An example of the profile:
------------------------------------------
 # trace-cmd record --profile sleep 1
 # trace-cmd report --profile --comm sleep
task: sleep-21611
  Event: sched_switch:R (1) Total: 99442 Avg: 99442 Max: 99442 Min:99442
     <stack> 1 total:99442 min:99442 max:99442 avg=99442
       => ftrace_raw_event_sched_switch (0xffffffff8105f812)
       => __schedule (0xffffffff8150810a)
       => preempt_schedule (0xffffffff8150842e)
       => ___preempt_schedule (0xffffffff81273354)
       => cpu_stop_queue_work (0xffffffff810b03c5)
       => stop_one_cpu (0xffffffff810b063b)
       => sched_exec (0xffffffff8106136d)
       => do_execve_common.isra.27 (0xffffffff81148c89)
       => do_execve (0xffffffff811490b0)
       => SyS_execve (0xffffffff811492c4)
       => return_to_handler (0xffffffff8150e3c8)
       => stub_execve (0xffffffff8150c699)
  Event: sched_switch:S (1) Total: 1000506680 Avg: 1000506680 Max: 1000506680 Min:1000506680
     <stack> 1 total:1000506680 min:1000506680 max:1000506680 avg=1000506680
       => ftrace_raw_event_sched_switch (0xffffffff8105f812)
       => __schedule (0xffffffff8150810a)
       => schedule (0xffffffff815084b8)
       => do_nanosleep (0xffffffff8150b22c)
       => hrtimer_nanosleep (0xffffffff8108d647)
       => SyS_nanosleep (0xffffffff8108d72c)
       => return_to_handler (0xffffffff8150e3c8)
       => tracesys_phase2 (0xffffffff8150c304)

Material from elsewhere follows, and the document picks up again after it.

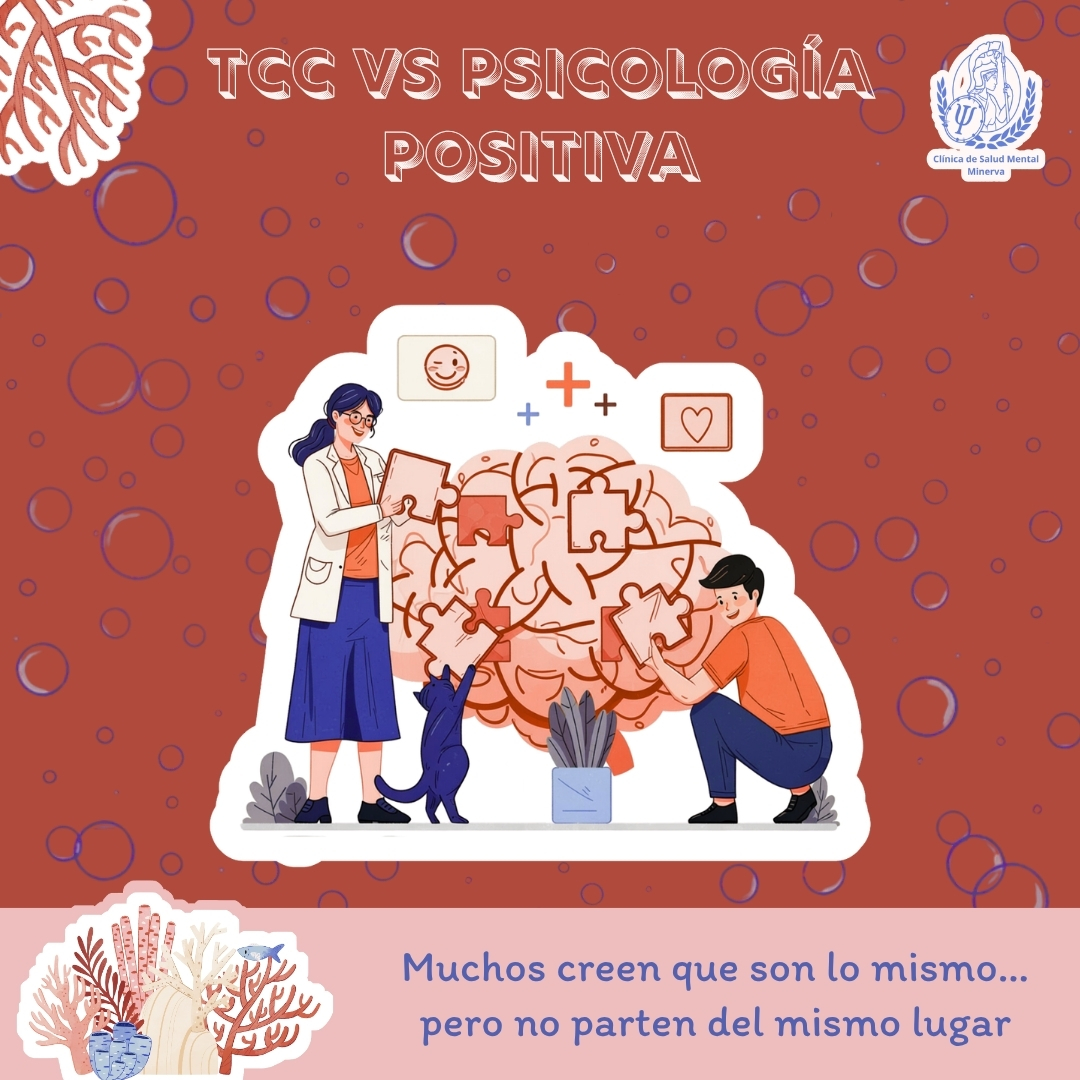 clinica_minerva's tweet photo. 🧠TCC  vs  ✨Psicología Positiva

  Event: sched_wakeup:21611 (1) Total: 30326 Avg: 30326 Max: 30326 Min:30326
     <stack> 1 total:30326 min:30326 max:30326 avg=30326
       => ftrace_raw_event_sched_wakeup_template (0xffffffff8105f653)

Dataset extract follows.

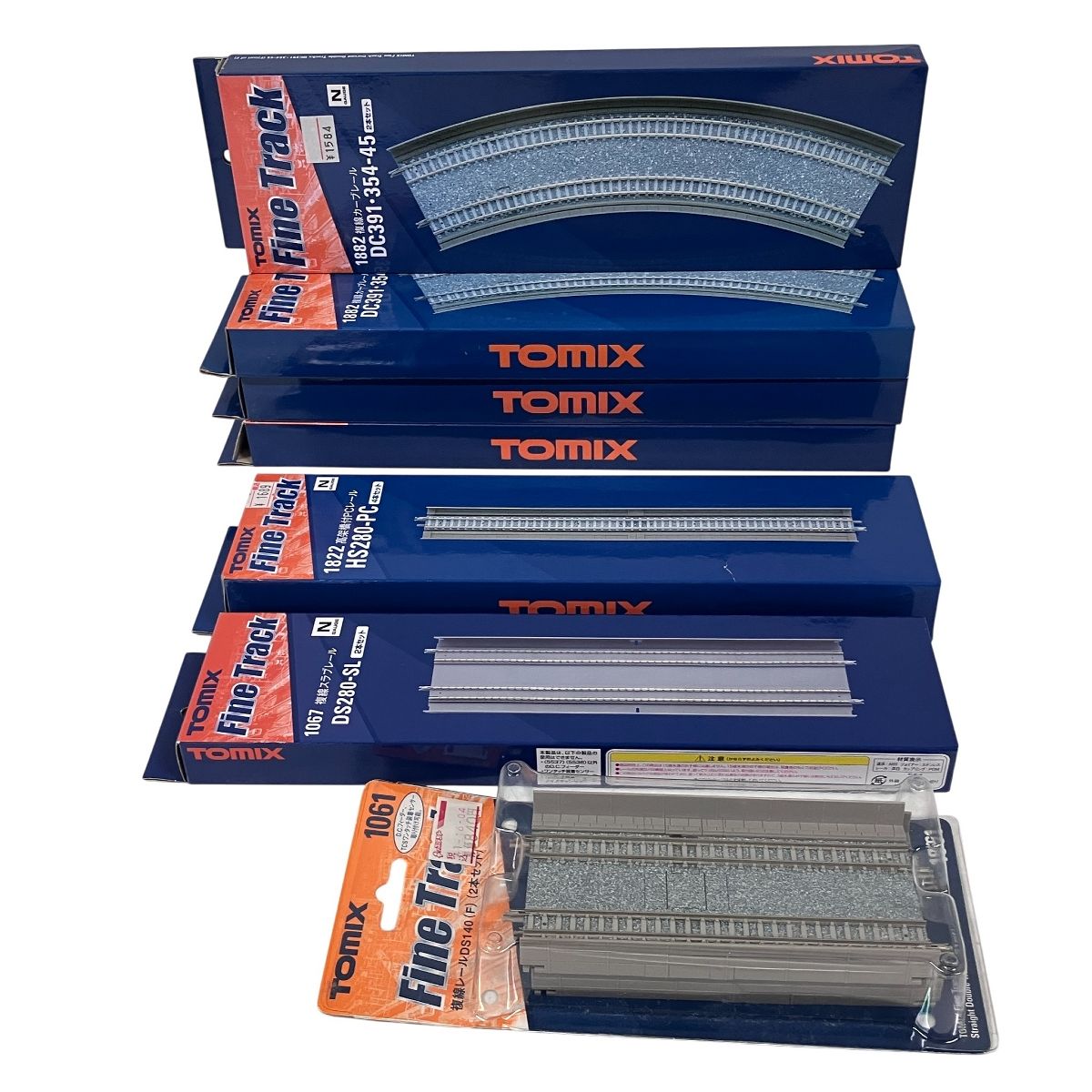 TOMIX 1061 1067 1882 4 1822 レール おまとめ 8点セット 鉄道模型 Nゲージ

       => ttwu_do_wakeup (0xffffffff810606eb)
       => ttwu_do_activate.constprop.124 (0xffffffff810607c8)
       => try_to_wake_up (0xffffffff8106340a)

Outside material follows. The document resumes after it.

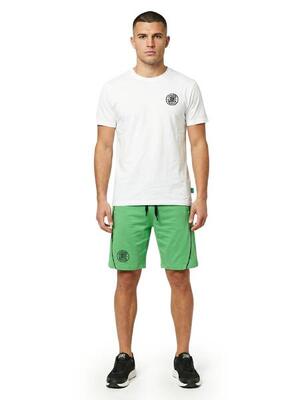 Heren t-shirt + fluorescerende bermudashort set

------------------------------------------

SEE ALSO
--------
trace-cmd(1), trace-cmd-report(1), trace-cmd-start(1), trace-cmd-stop(1),
trace-cmd-extract(1), trace-cmd-reset(1), trace-cmd-split(1),
trace-cmd-list(1), trace-cmd-listen(1), trace-cmd-profile(1)

AUTHOR
------
Written by Steven Rostedt, <[email protected]>

RESOURCES
---------
https://git.kernel.org/pub/scm/utils/trace-cmd/trace-cmd.git/

COPYING
-------
Copyright \(C) 2010 Red Hat, Inc. Free use of this software is granted under
the terms of the GNU Public License (GPL).